Professor Andrew Griffiths from The University of Queensland (UQ) Business School said business, industry and government must not let the credit crisis distract them from the greater issue of climate change.
Professor Griffiths said as businesses focused on their immediate survival, they might slow down sustainability initiatives, but this would be a mistake for individual companies and broader society and the economy.
"While the credit crisis will be resolved in time, climate change is unfolding," he said.
"It won't impact on companies tomorrow or the next day but climate change and extreme weather events are not going to diminish."
Professor Griffiths said extreme weather events such as Australia's 2006 Cyclone Larry or last month's Hurricane Ike, which narrowly avoided Houston in the US, had the capacity to devastate entire economies.
"Companies have to understand it is no longer simply about the impact they have on the natural environment," he said.
"As we move into a climate changing world, a lot of this is about the impact the environment can have on their company.
"The real threat of extreme weather events is to companies and industries that have heavily embedded infrastructure they can't move.
"We really have to start looking at how and where we are building our bridges, roads, ports and airports, and if they can withstand hurricanes, cyclones or floods."
Professor Griffiths is chair in business sustainability and strategy at UQ and academic director of the corporate sustainability executive program, which assists corporations with climate change strategy.
He said the credit crisis was further incentive for companies to become more sustainable.
"Companies can make significant cost-savings by reducing energy consumption and reducing waste," Professor Griffiths said.
"I work with a wide range of companies and even those who have no presence in this area believe they have to become more sustainable. They see their competitors doing this and they don't want to be left behind.

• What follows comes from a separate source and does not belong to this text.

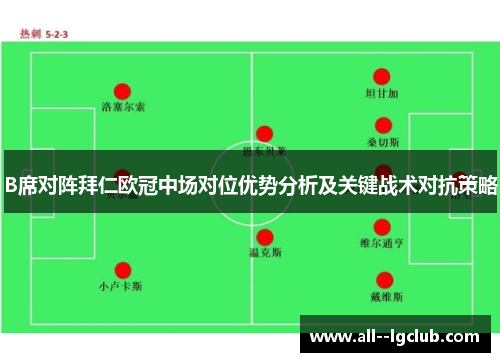 B席对阵拜仁欧冠中场对位优势分析及关键战术对抗策略 B席对阵拜仁欧冠中场对位优势分析及关键战术对抗策略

"Interestingly, a lot of companies also see it as a way of attracting staff because people are becoming more attuned to climate and sustainability issues and do not want to work for a company that is not actioning climate change issues."
Professor Griffiths is presenting a seminar for The Brisbane Institute on Climate Change and Business Strategy at Customs House at 6.15pm on Tuesday 14 October.
The Brisbane Institute is an independent organisation that provides opportunities for business, government and the community to come together to share information, innovative ideas and solutions to contemporary issues. Its primary sponsor is The University of Queensland and major sponsors are the Queensland Government and Brisbane City Council.